*EXERCISE INSTRUCTIONS*
Would you retype, word for word, only the lines from the one holding "Foto 2ª: Refuerzo" through the final line of the entries below, without the pictures?

*MATERIALS PROVIDED*
■ ■ ■ ■ ■ ■ ■
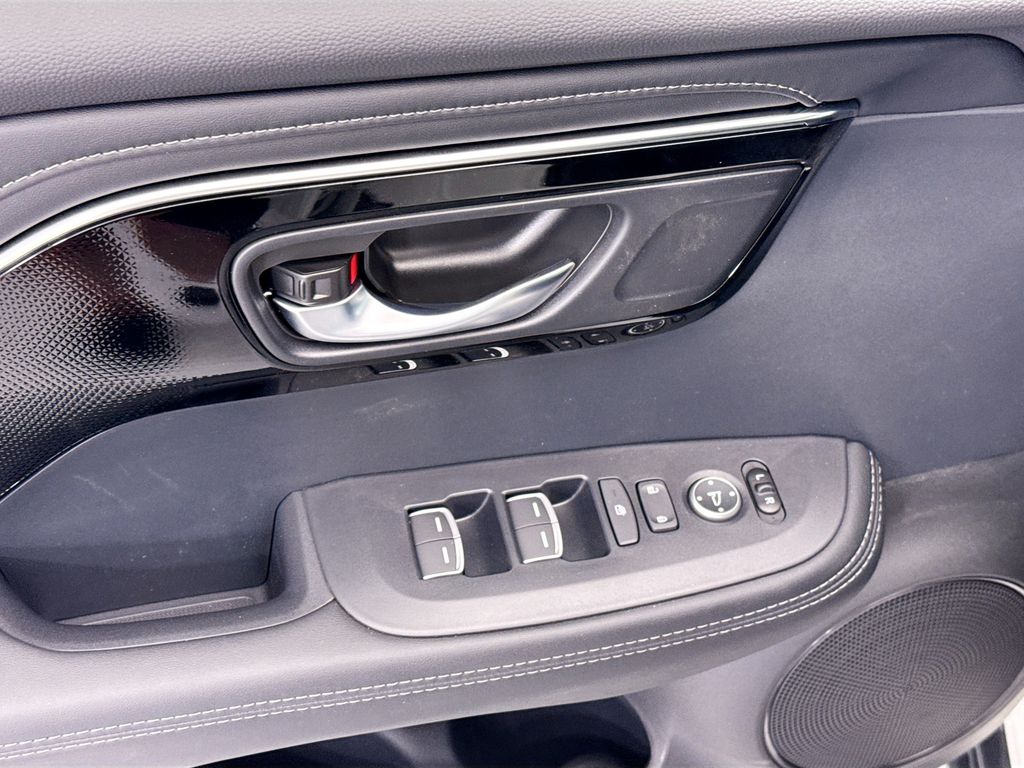 Thumbnail: 2026 Acura ADX - 21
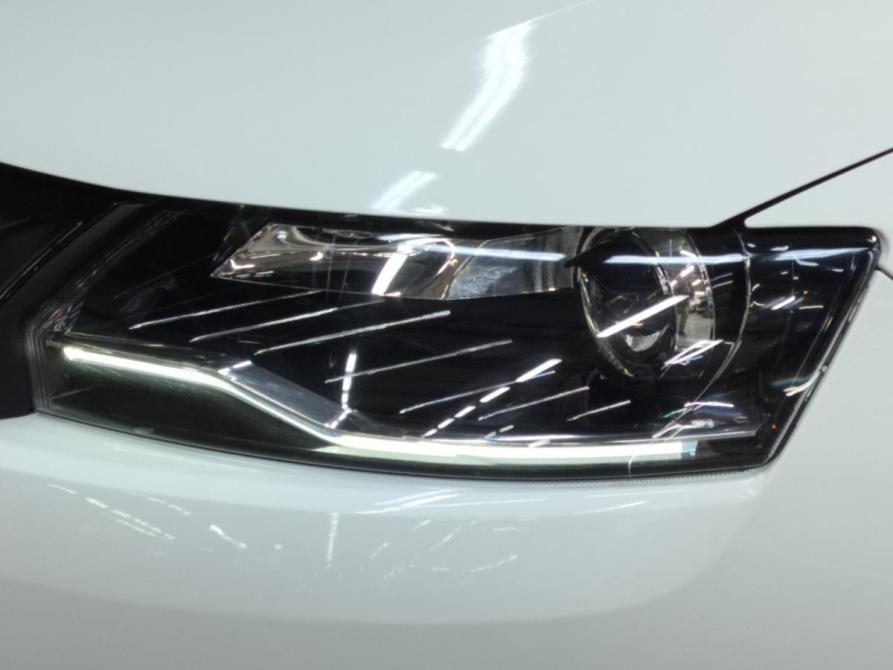 Skoda Rapid I Рестайлинг Санкт-Петербург  - изображение 8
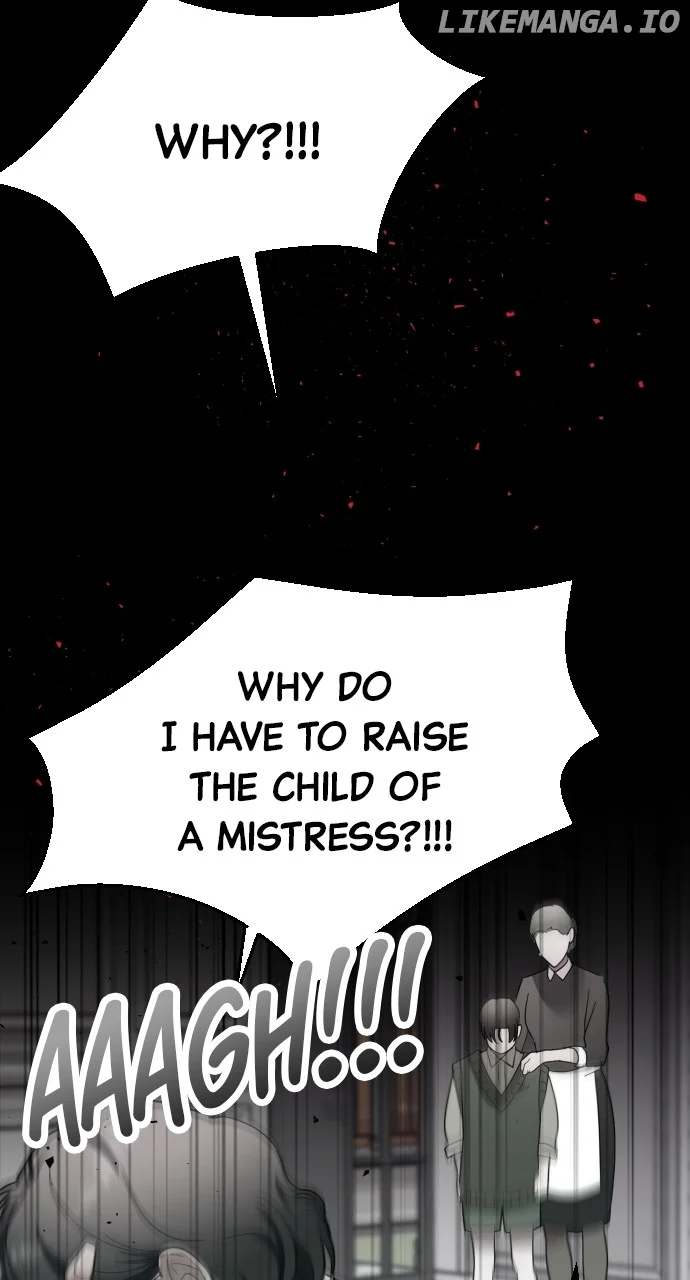 Maseknam - A Sexy Magician - Chapter 62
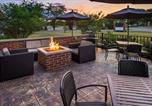 Hôtel Ann Arbor - Doubletree by Hilton Ann Arbor, Mi-3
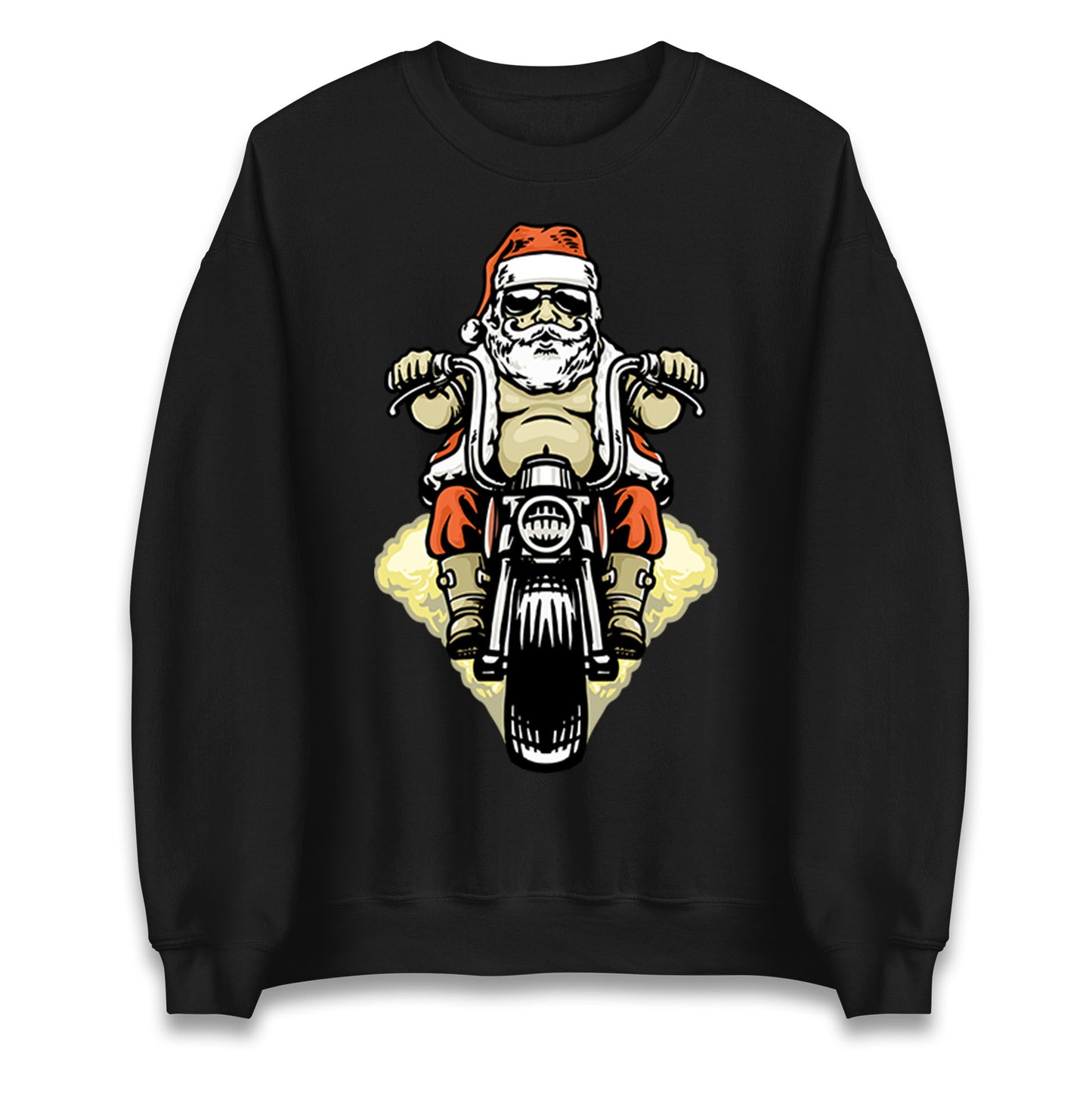 Sons of Anarchy Christmas Jumper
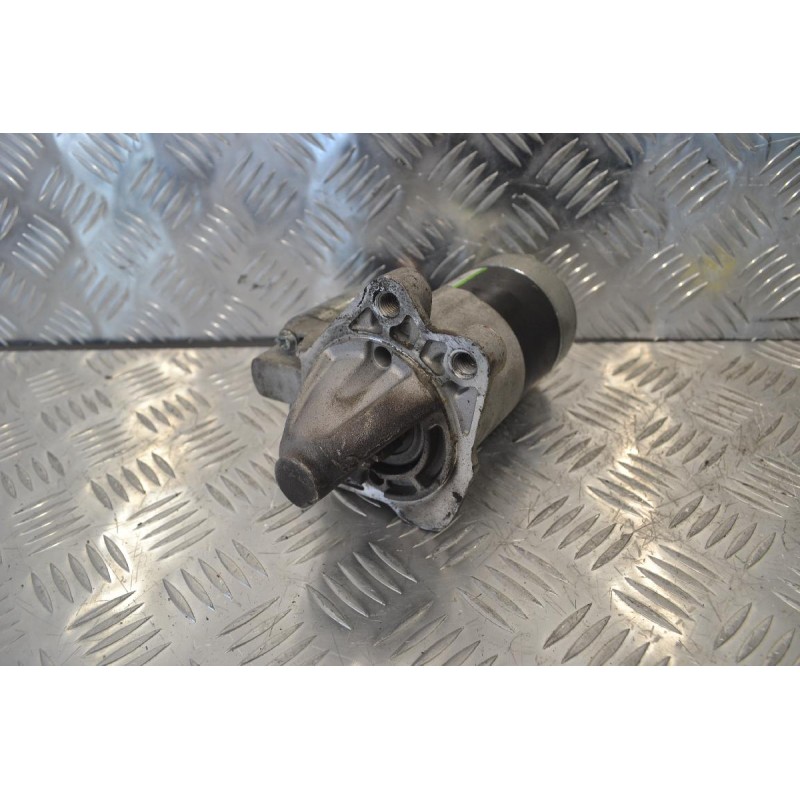 Μίζα Mazda 3 2003-2009 M0T91381 140.529.083.130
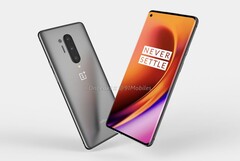 OnePlus 8 Pro прошел тестирование на Geekbench. (Источник: OnLeaks / 91Mobiles)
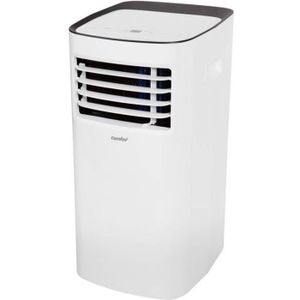 CLIMATISEUR MOBILE Comfee MPPH-07CRN7 Climatiseur mobile Blanc 34,5 x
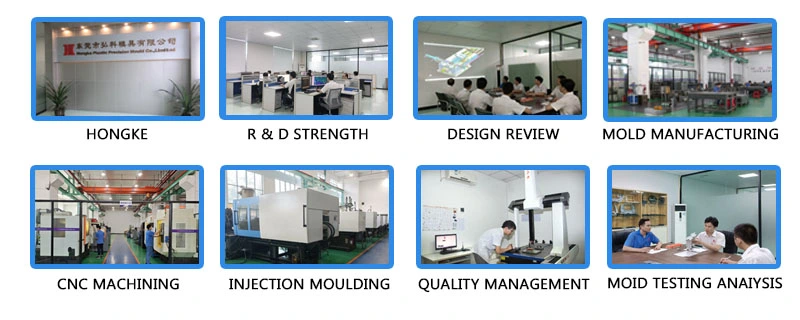 High Quality Multiple Cavity Syringe Disposable Medical Plastic Injection Cold Runner Mould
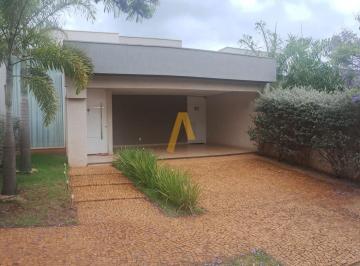 Casa · 180m² · 3 Quartos · 4 Vagas · Casa de Condomínio para alugar em Bonfim Paulista de 180.00m² com 3 Quartos, 1 Suite e 4 Garagens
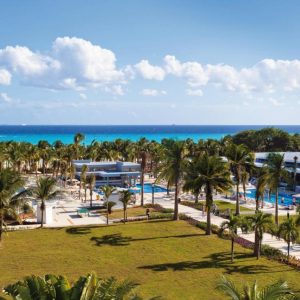 Riu Palace Mexico All Inclusive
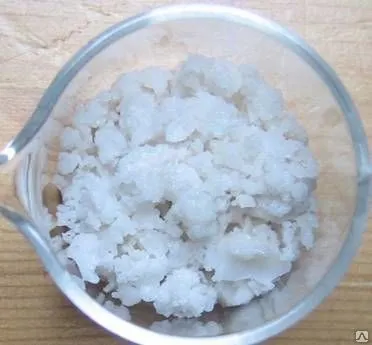 Фото №0 Метацирконат бария BaZrO3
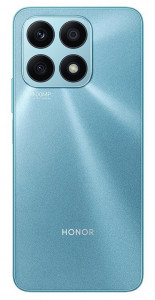  Honor X8A 6/128GB Cyan Lake 5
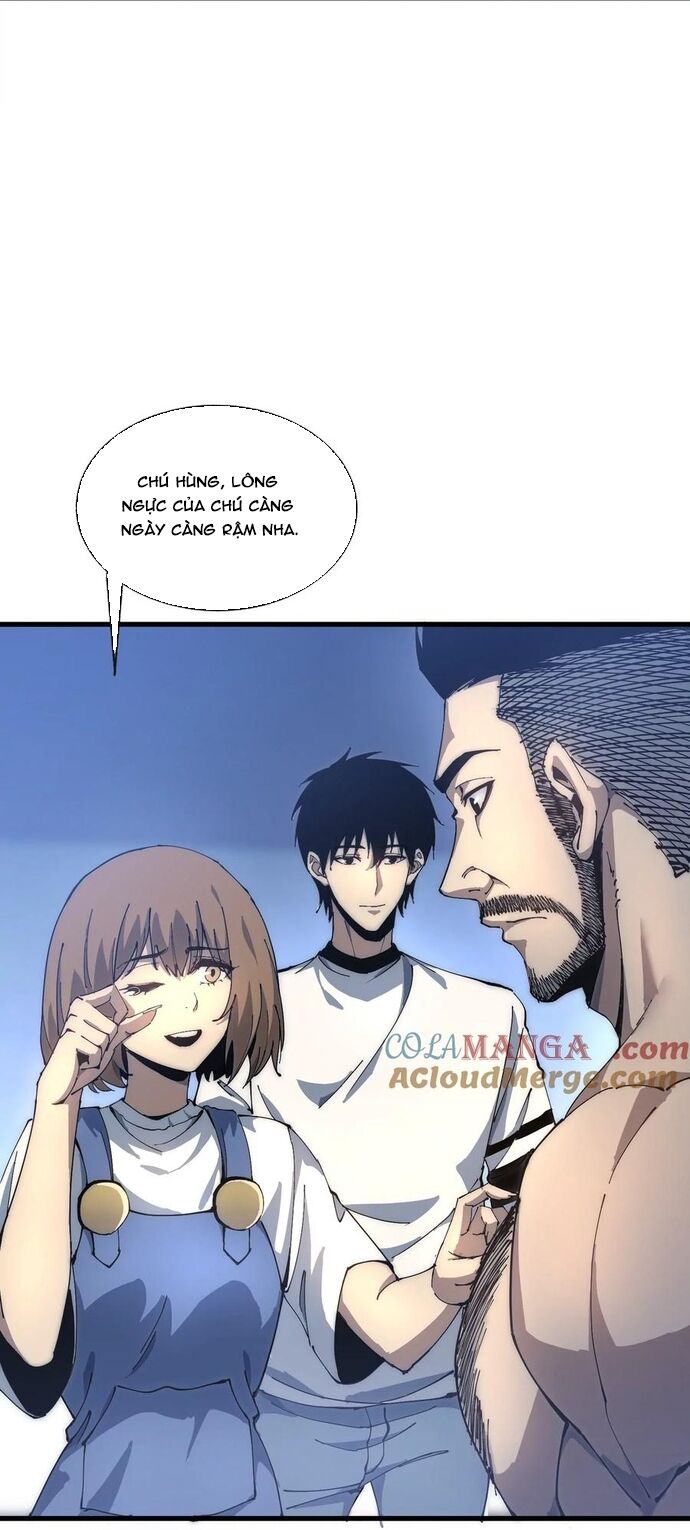 Thập Nhị Tinh Chap 109 - Next Chap 110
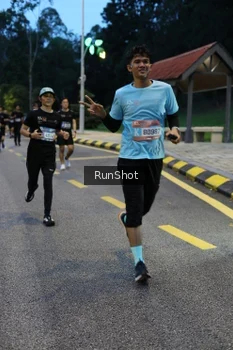 Runner Photo 4294149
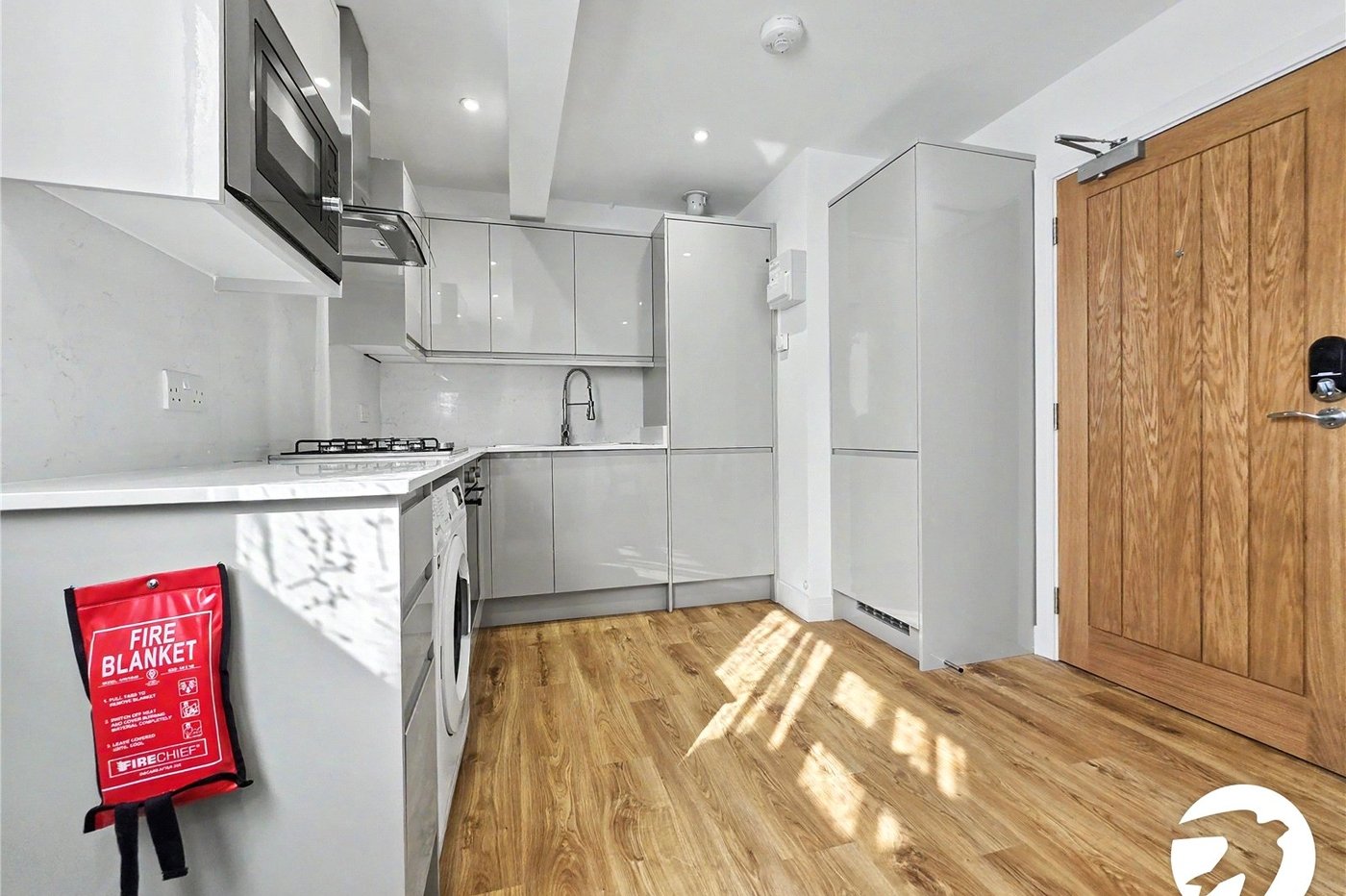 1 bedroom property to rent in Bromley | Robinson Jackson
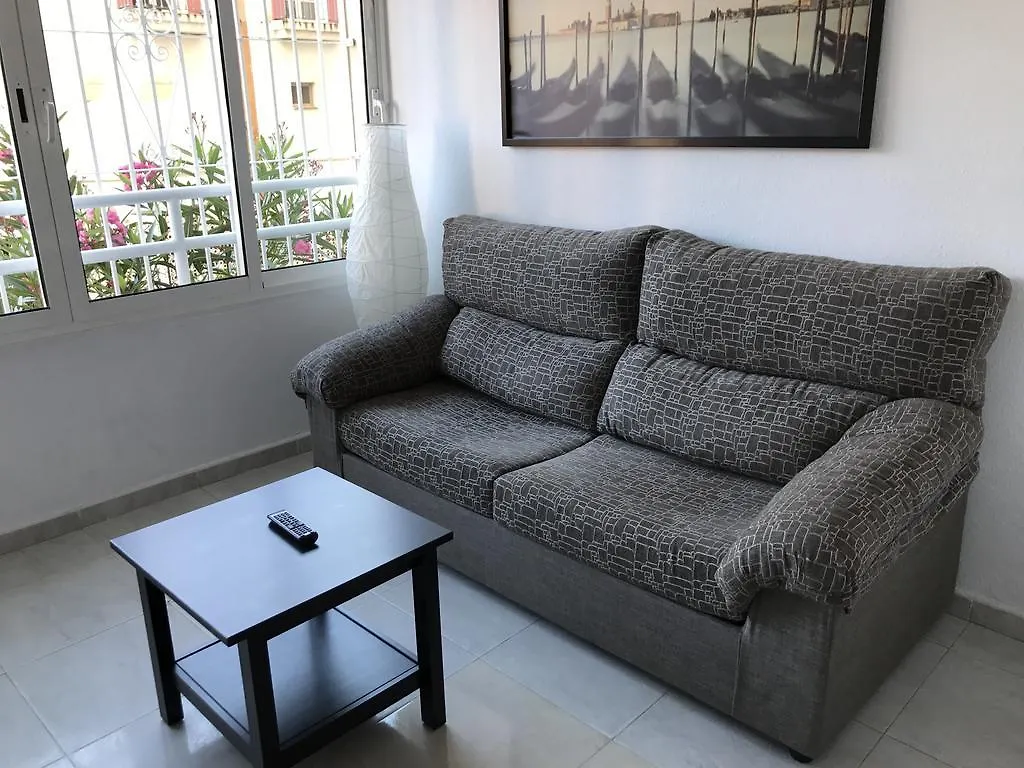 Apartment Jsm Apartamentos Benalmadena Spain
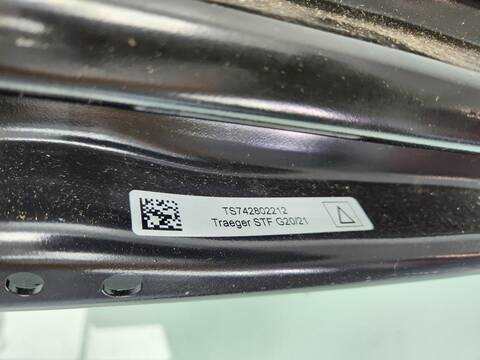 Foto 2ª: Refuerzo Paragolpes Trasero Bmw Serie 3 315 330D XDRIVE SPORT LINE 4P) BERLINA 265CV [B57D30A] (2022)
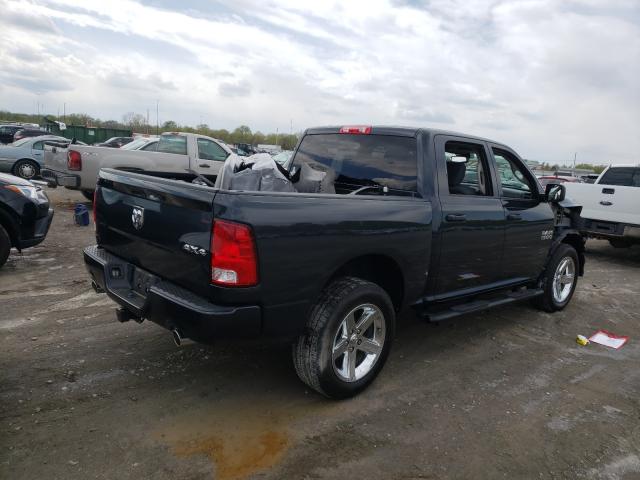 VIN 3VV1B7AX1LM168784 2016 RAM 1500 ST no.4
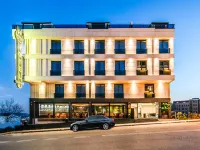 Heaven Premium Hotel İstanbul Airport Hotele w pobliżu Istanbul Airport
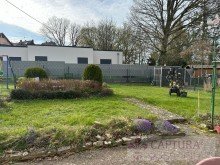 Garten Gepflegtes Zweifamilienhaus in ruhiger Lage von Neunkirchen (Steinwald)!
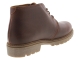 Panama Jack Bota Panama donker bruin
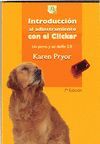 INTRODUCCIN AL ADIESTRAMIENTO CON EL CLICKER: UN PERRO Y UN DELFN 2.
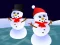 Igra SnowWars.io spletu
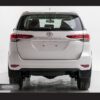 A 2024 Toyota Fortuner MID variant powered by a 2.7L gasoline engine (2TR-FE) - Image 4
■ ■ ■ ■ ■ ■ ■
*SOLUTION BELOW*
 Foto 2ª: Refuerzo Paragolpes Trasero Bmw Serie 3 315 330D XDRIVE SPORT LINE 4P) BERLINA 265CV [B57D30A] (2022)
 VIN 3VV1B7AX1LM168784 2016 RAM 1500 ST no.4
 Heaven Premium Hotel İstanbul Airport Hotele w pobliżu Istanbul Airport
 Garten Gepflegtes Zweifamilienhaus in ruhiger Lage von Neunkirchen (Steinwald)!
 Panama Jack Bota Panama donker bruin
 INTRODUCCIN AL ADIESTRAMIENTO CON EL CLICKER: UN PERRO Y UN DELFN 2.
 Igra SnowWars.io spletu
 A 2024 Toyota Fortuner MID variant powered by a 2.7L gasoline engine (2TR-FE) - Image 4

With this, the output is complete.